A video of the installation on a Mac is available here.
The methods used in the library were developed by Matthias Mauch, supported by the EPSRC-funded OMRAS2 Project. Implementation by Matthias Mauch and Chris Cannam.
The plugins are described below, starting with the most comprehensive first.
NNLS Chroma
System identifier – vamp:nnls-chroma:nnls-chroma
RDF URI – http://vamp-plugins.org/rdf/plugins/nnls-chroma#nnls-chroma
General Description
NNLS Chroma analyses a single channel of audio using frame-wise spectral input from the Vamp host. The plugin was originally developed to extract treble and bass chromagrams for subsequent use in chord extraction methods. The spectrum is transformed to a log-frequency spectrum (constant-Q) with three bins per semitone. On this representation, two processing steps are performed:
* tuning, after which each centre bin (i.e. bin 2, 5, 8, …) corresponds to a semitone, even if the tuning of the piece deviates from 440 Hz standard pitch.

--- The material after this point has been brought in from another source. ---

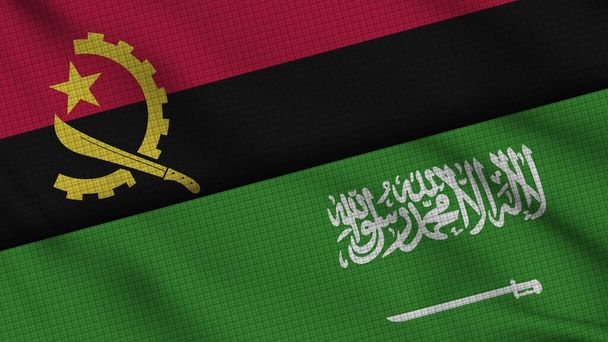 Angola e Arabia Saudita bandiere insieme, Tessuto ondulato, Breaking News, Concetto di crisi diplomatica politica, Illustrazione 3D - Foto, immagini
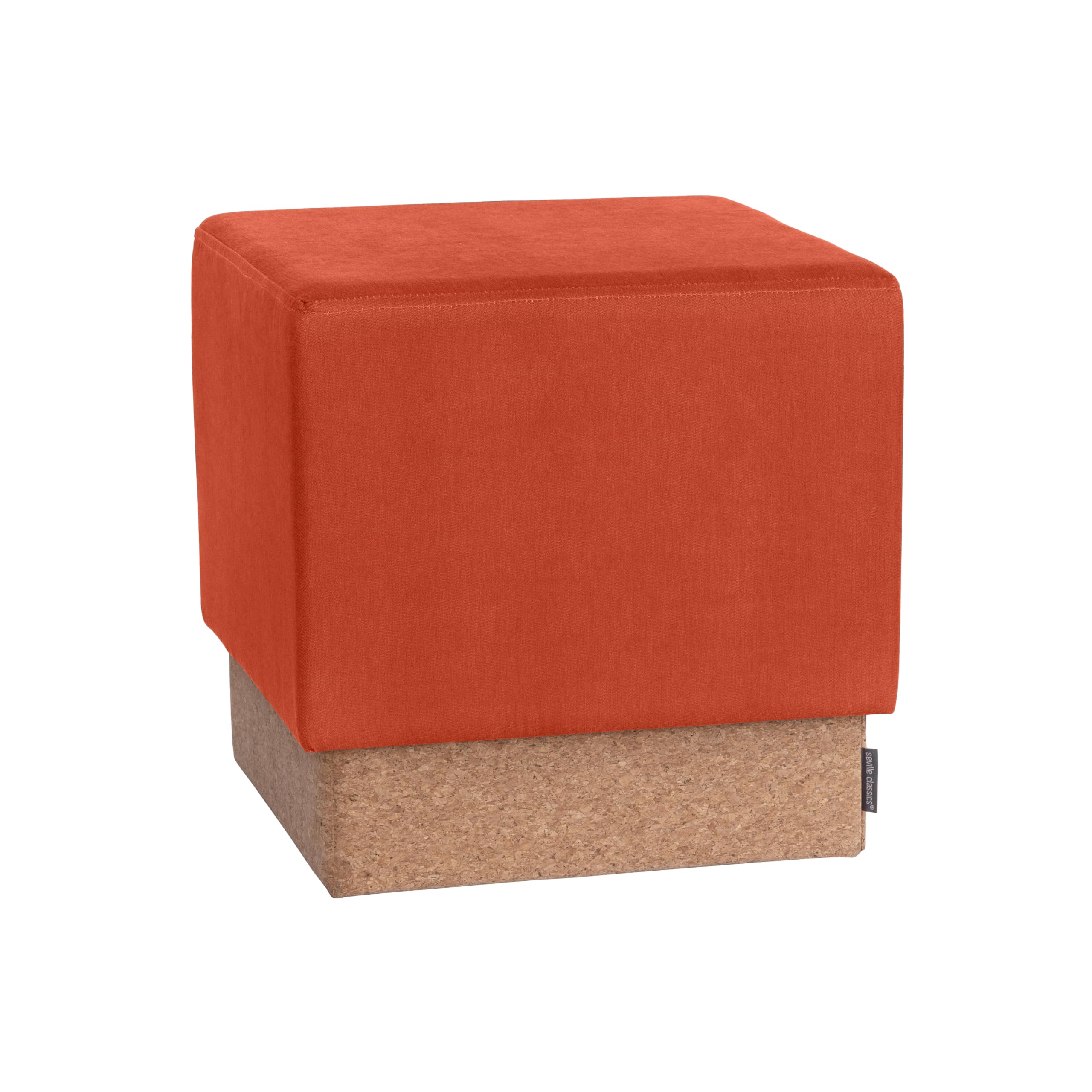 Seville Classics Cushioned Fabric Ottoman Hidden Storage Chest Footrest Chair, Padded Seat for Bedroom, Dorm, Loft, Living Room, Entryway, Hallway, Cork/Burnt Sienna, 15" Cube Image Seville Classics Cushioned Fabric Ottoman Hidden Storage Chest Footrest Chair, Padded Seat for Bedroom, Dorm, Loft, Living Room, Entryway, Hallway, Cork/Burnt Sienna, 15" Cube Image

* running standardisation: subtraction of the running mean, division by the running standard deviation. This has a spectral whitening effect.
The processed log-frequency spectrum is then used as an input for NNLS approximate transcription (using a dictionary of harmonic notes with geometrically decaying harmonics magnitudes). The output of the NNLS approximate transcription is semitone-spaced. To get the chroma, this semitone spectrum is multiplied (element-wise) with the desired profile (chroma or bass chroma) and then mapped to 12 bins. The resulting chroma frames can be normalised by (dividing by) their norm (L1, L2 and maximum norm available).
Parameters
The default settings (in brackets, below) are those used for Matthias Mauch’s 2010 MIREX submissions.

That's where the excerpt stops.